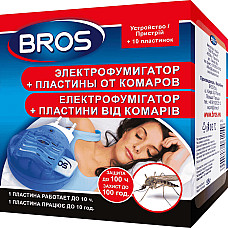 Електрофумігатор з пластинами для захисту від комарів, Bros Польща, пластин 10 шт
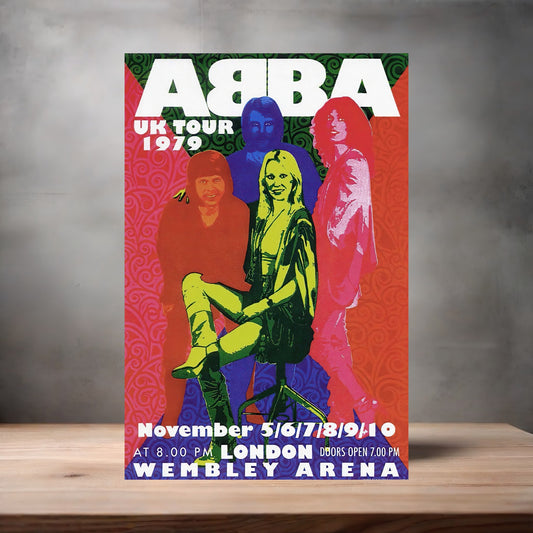 ABBA UK Tour metal concert poster. Multiple sizes available. Wembley Arena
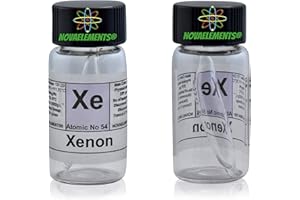 Xenon Element 54 Xe, 99.9% Pure Sample in Mini ampoule and Labeled Glass ampoule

--*--

» **Goal of the exercise**: Repeat the lines above precisely and skip every picture.

» **Solved problem**:
 Електрофумігатор з пластинами для захисту від комарів, Bros Польща, пластин 10 шт
 ABBA UK Tour metal concert poster. Multiple sizes available. Wembley Arena
 Xenon Element 54 Xe, 99.9% Pure Sample in Mini ampoule and Labeled Glass ampoule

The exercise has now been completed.